Task —
Skip pictures in the listing below; copy exactly the lines from the one with "Striped Sweater Cardigan" through the one with "Jewello trendy floral", inclusive.

Task material —
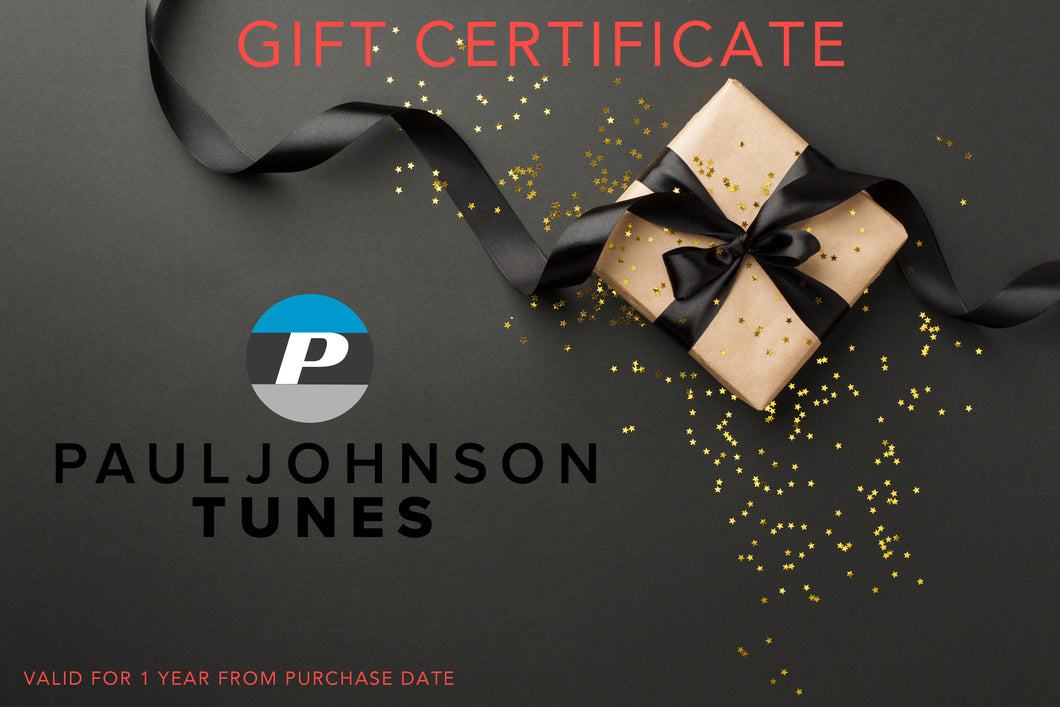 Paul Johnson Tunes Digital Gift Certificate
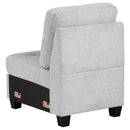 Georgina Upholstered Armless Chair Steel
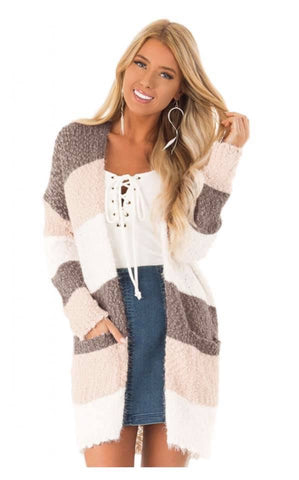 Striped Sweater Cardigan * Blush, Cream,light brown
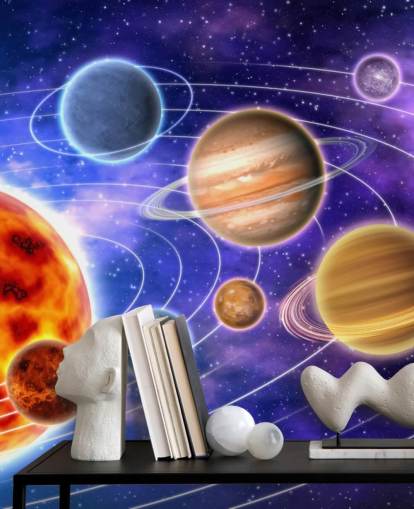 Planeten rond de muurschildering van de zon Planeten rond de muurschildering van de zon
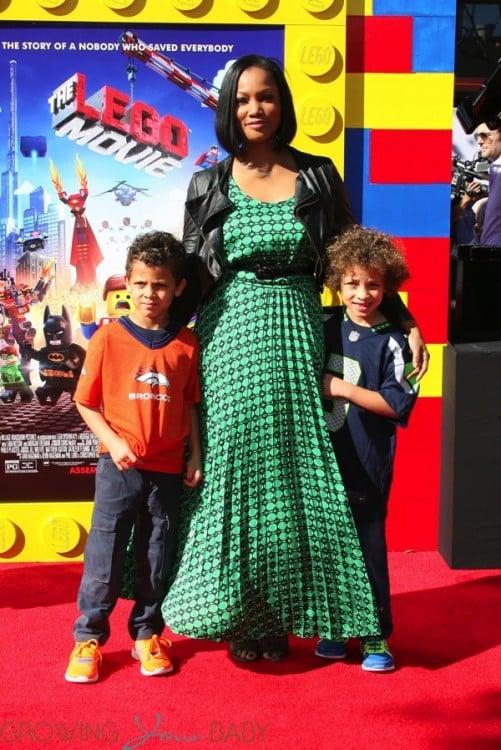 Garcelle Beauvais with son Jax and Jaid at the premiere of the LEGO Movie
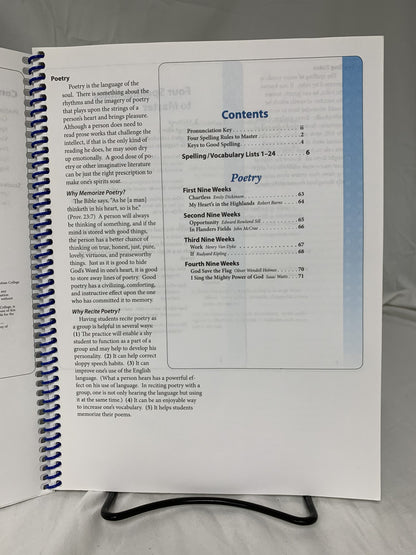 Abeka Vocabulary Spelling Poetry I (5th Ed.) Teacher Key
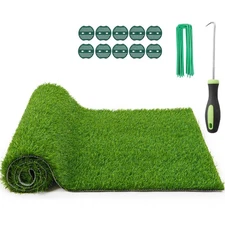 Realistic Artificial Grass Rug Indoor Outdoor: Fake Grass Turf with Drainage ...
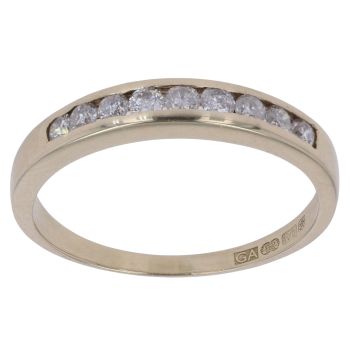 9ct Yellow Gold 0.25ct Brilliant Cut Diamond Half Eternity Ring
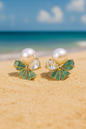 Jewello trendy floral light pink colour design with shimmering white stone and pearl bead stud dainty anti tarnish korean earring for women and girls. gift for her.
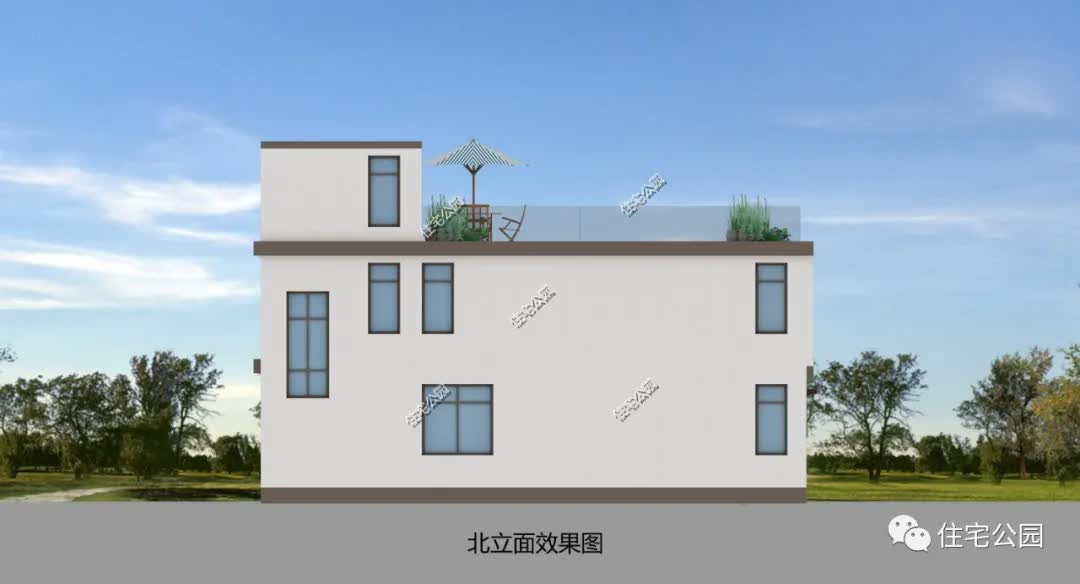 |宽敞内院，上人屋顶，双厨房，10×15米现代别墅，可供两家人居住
--
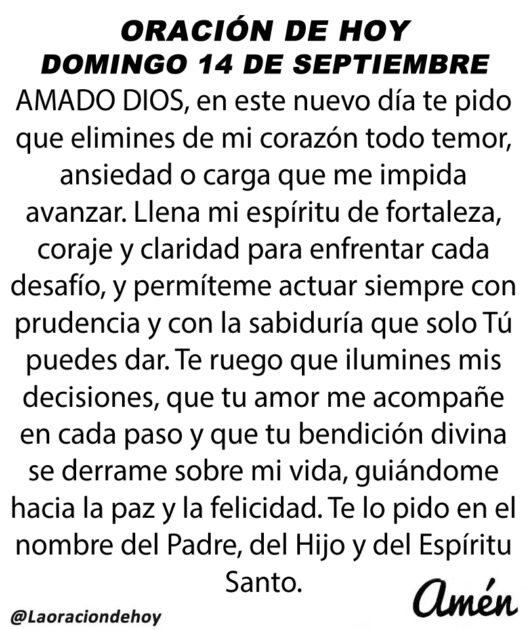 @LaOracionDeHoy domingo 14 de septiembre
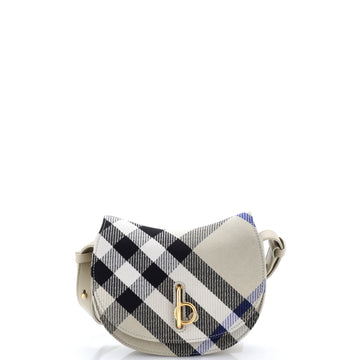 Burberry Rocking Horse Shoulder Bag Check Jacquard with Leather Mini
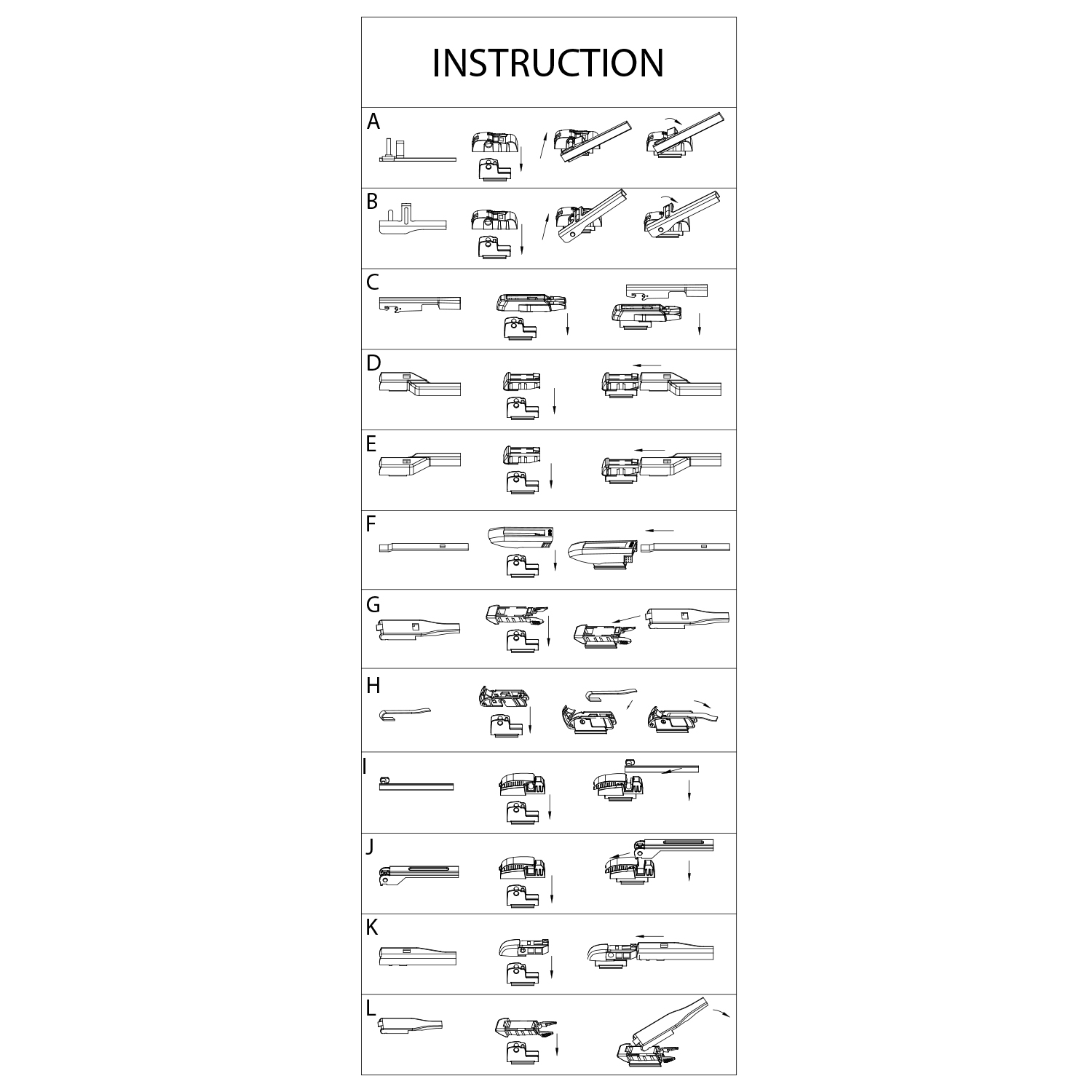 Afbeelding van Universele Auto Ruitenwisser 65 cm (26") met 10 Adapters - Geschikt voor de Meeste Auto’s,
--
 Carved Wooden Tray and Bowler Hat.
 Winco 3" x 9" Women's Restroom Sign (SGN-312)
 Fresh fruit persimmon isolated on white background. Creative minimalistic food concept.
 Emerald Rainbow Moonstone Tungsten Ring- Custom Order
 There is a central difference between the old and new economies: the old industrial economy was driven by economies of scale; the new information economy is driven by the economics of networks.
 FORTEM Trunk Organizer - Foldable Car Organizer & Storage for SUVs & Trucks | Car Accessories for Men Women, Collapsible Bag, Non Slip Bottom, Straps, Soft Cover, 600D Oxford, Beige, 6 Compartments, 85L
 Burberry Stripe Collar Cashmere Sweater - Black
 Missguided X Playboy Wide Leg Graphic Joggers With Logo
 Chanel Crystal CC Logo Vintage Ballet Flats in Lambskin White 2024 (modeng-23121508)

Response box —
 Striped Sweater Cardigan * Blush, Cream,light brown
 Planeten rond de muurschildering van de zon Planeten rond de muurschildering van de zon
 Garcelle Beauvais with son Jax and Jaid at the premiere of the LEGO Movie
 Abeka Vocabulary Spelling Poetry I (5th Ed.) Teacher Key
 Realistic Artificial Grass Rug Indoor Outdoor: Fake Grass Turf with Drainage ...
 9ct Yellow Gold 0.25ct Brilliant Cut Diamond Half Eternity Ring
 Jewello trendy floral light pink colour design with shimmering white stone and pearl bead stud dainty anti tarnish korean earring for women and girls. gift for her.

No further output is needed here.